Whilst I was having fun, I had no idea (and certainly didn’t care) that I was absorbing the educational benefits that go with gaming. There are the obvious social benefits that come from interacting with other: building friendships, using manners, taking turns and developing oral language skills. I learnt to understand rules, agree to them and follow them closely. I projected my thoughts forward in the game to predict outcomes, plan my own strategy and solve ongoing problems. On a basic level, if I played with two dice then I instinctively absorbed all the permutations of pairs of numbers up to 6. I carry with me these number recognition skills which became invaluable when calculating patterns which total 10, the very basis of our number system. Games like Boggle also assisted in helping develop my word recognition and spelling, as did Scrabble. All this while thinking I was just having fun!

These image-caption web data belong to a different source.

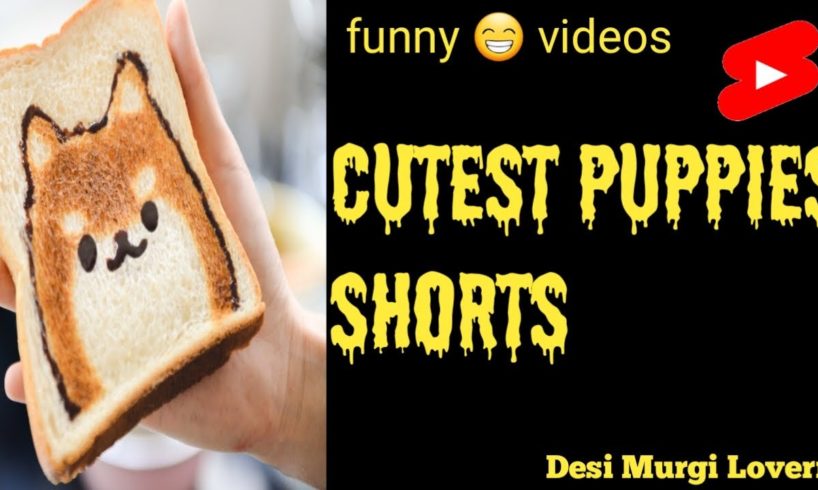 cutest puppies | puppies video | funny videos | funny pet videos |#shorts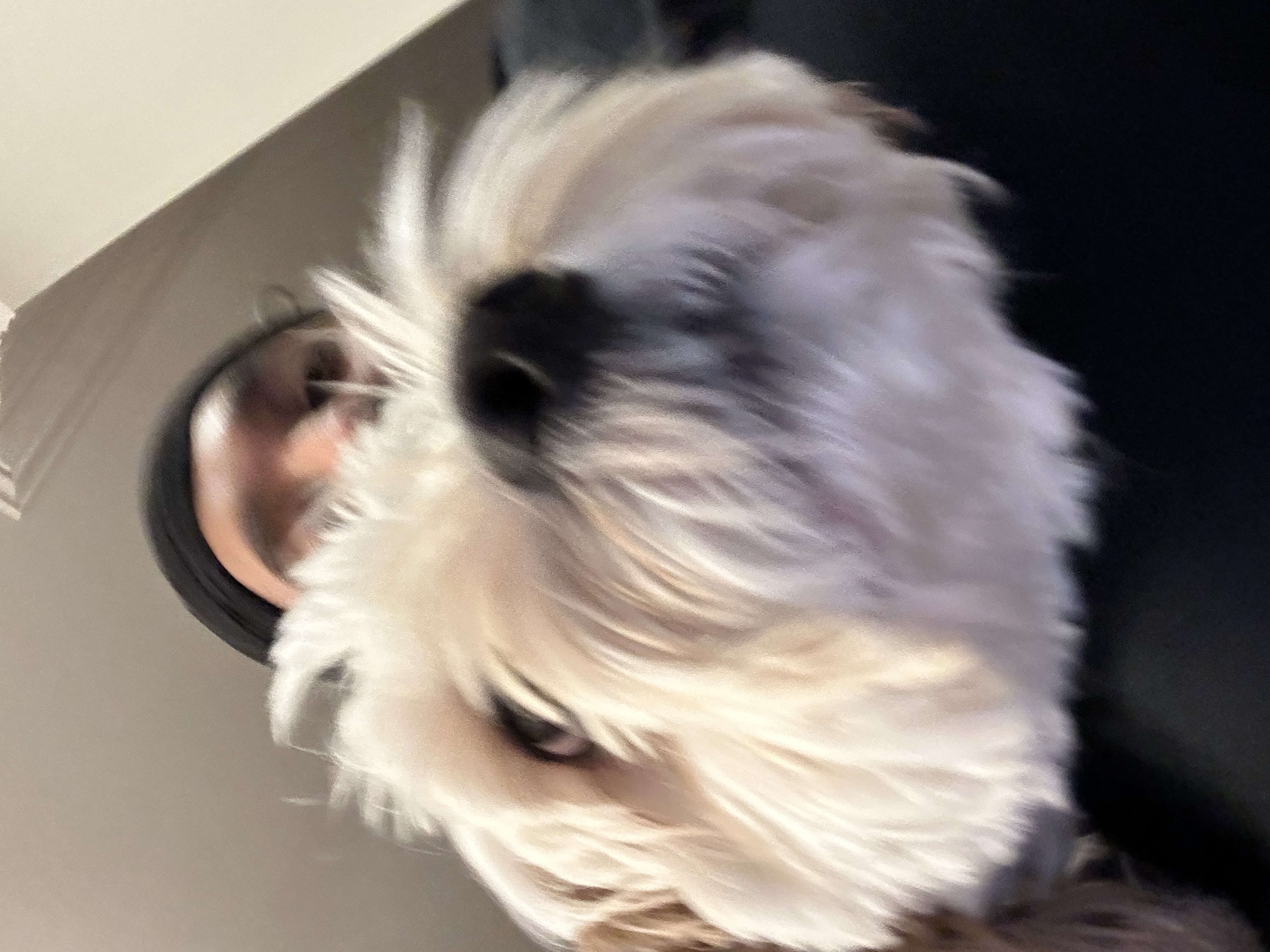 1779063740336 2oijdy IMG 4303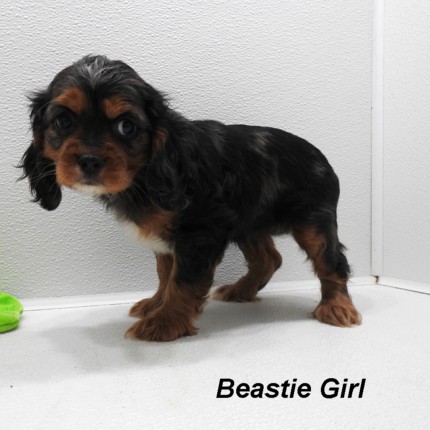 puppy, for, sale, Cockilear, Joe & Cherri  Overlease, dog, breeder, Miller, MO, dog-breeder, puppy-for-sale, forsale, nearby, find, puppyfind, locator, puppylocator, aca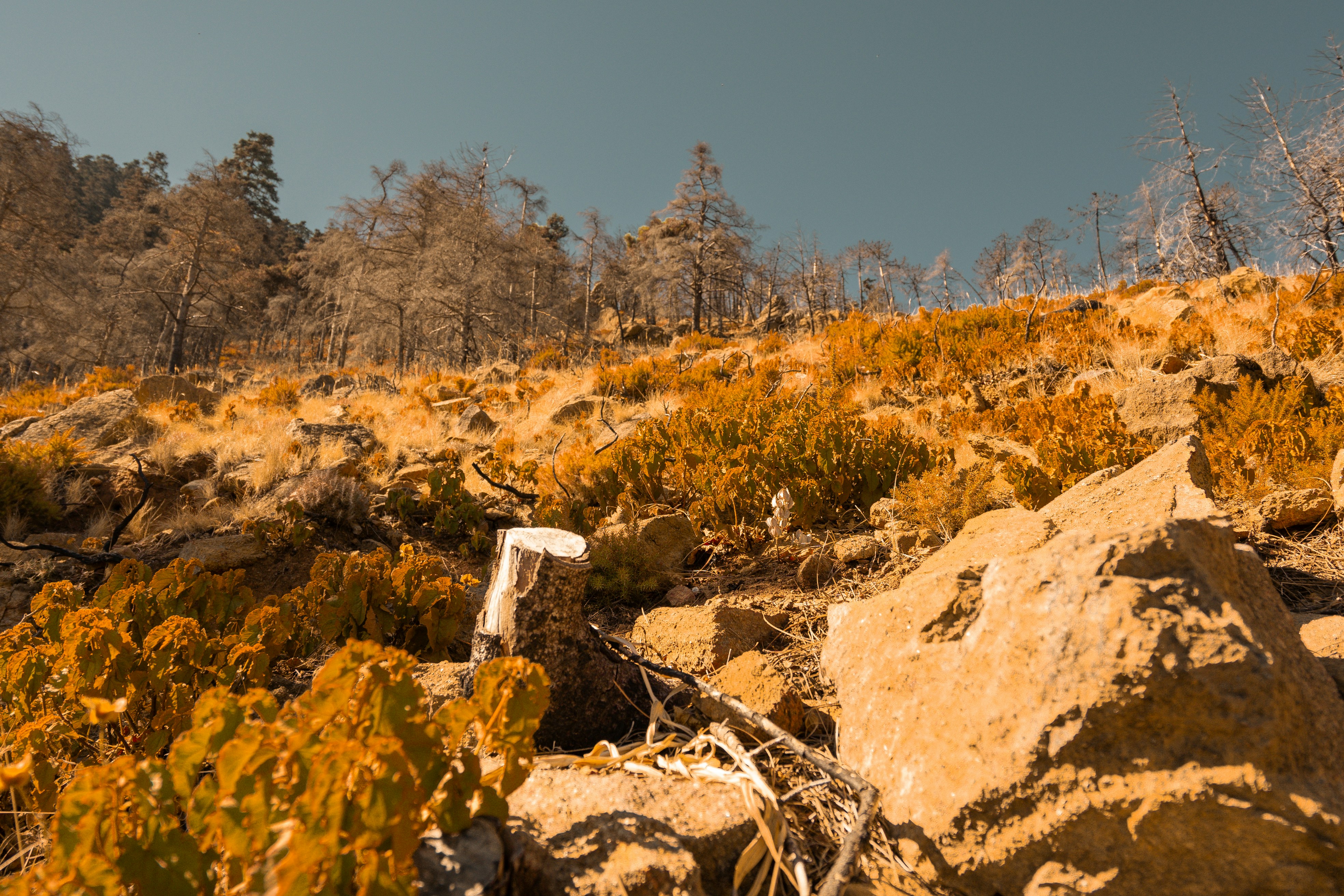 Photo by borjaverbena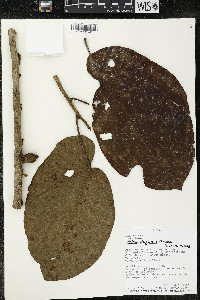 Matisia obliquifolia image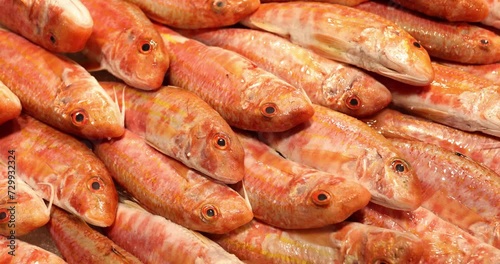 Fresh red mullet fish on ice concept photo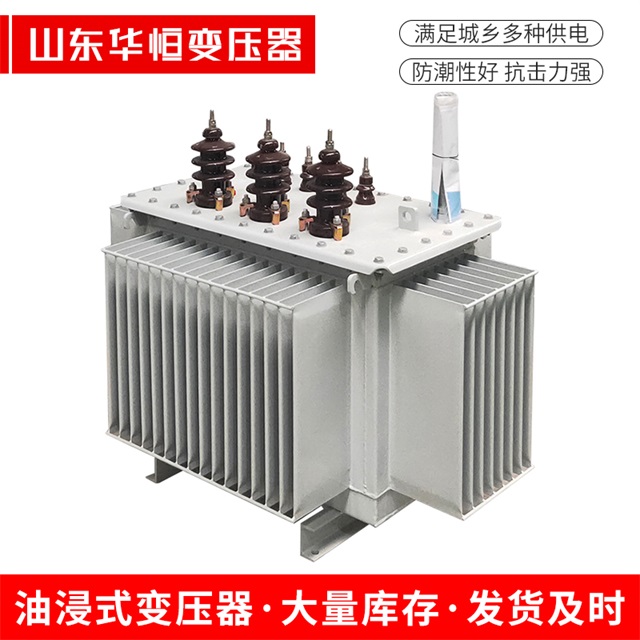 S13-10000/35乐平乐平乐平油浸式变压器厂家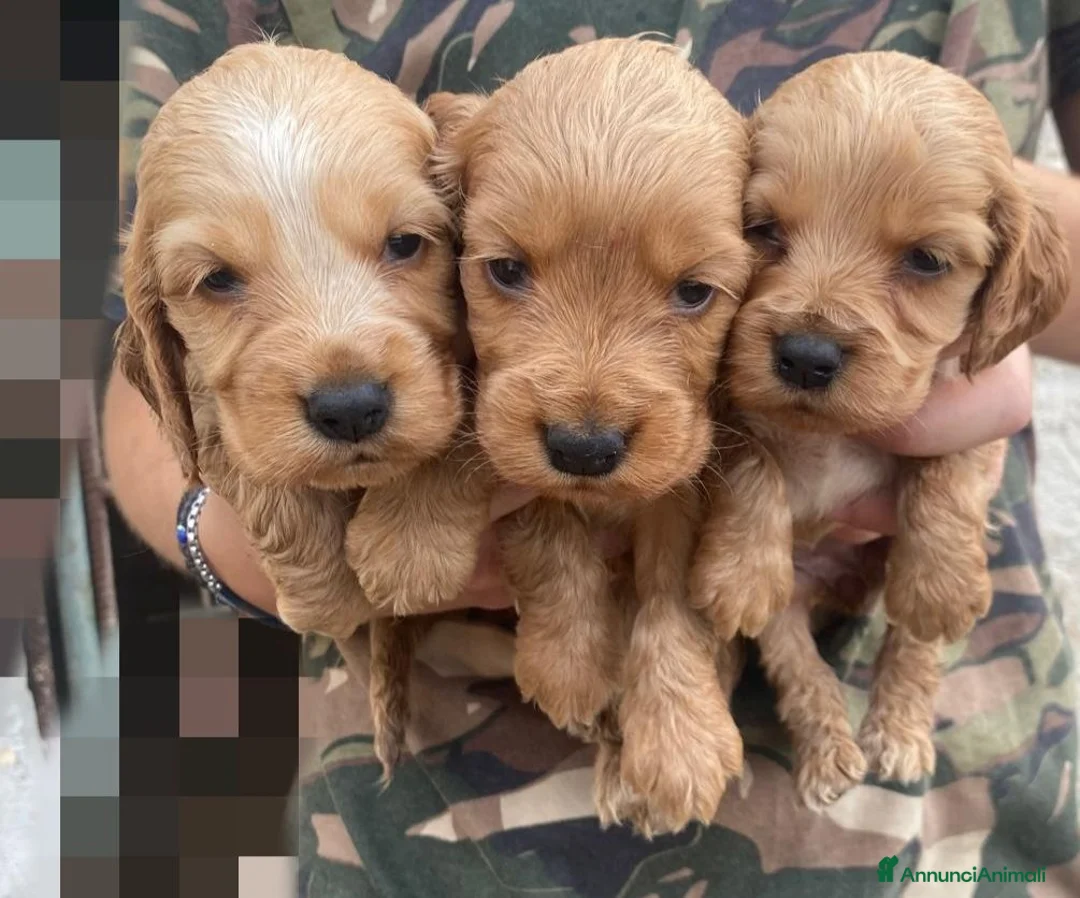 Cocker cani in vendita: cocker a Libero consorzio comunale di Siracusa - Annuncio 1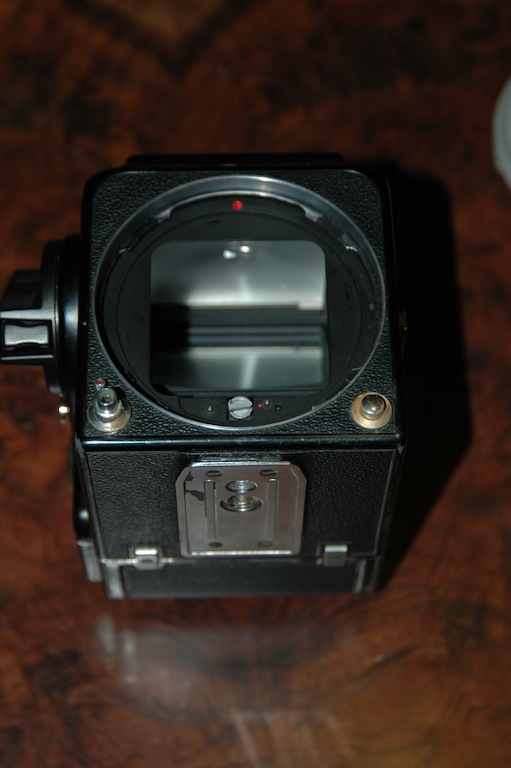 DSC_7092.JPG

Because of this we have decided to invest in some games for the senior block and will be integrating them into group sessions. If you are able to play games at home, then go for it, jump in and make a few memories of your own (and perhaps learn a thing or two at the same time).

One thought on “Gaming

  1. I absolutely LOVE playing Mousetrap, Monopoly and Cluedo! We play them all the time at home, which shows that not only is it a good idea, but fun too.
    At school, in homeroom, I play Uno with the year 7’s (who have just moved in to the normal homerooms),9’s and 11’s. It’s great for encouraging talking to the older years as I wouldn’t normally otherwise.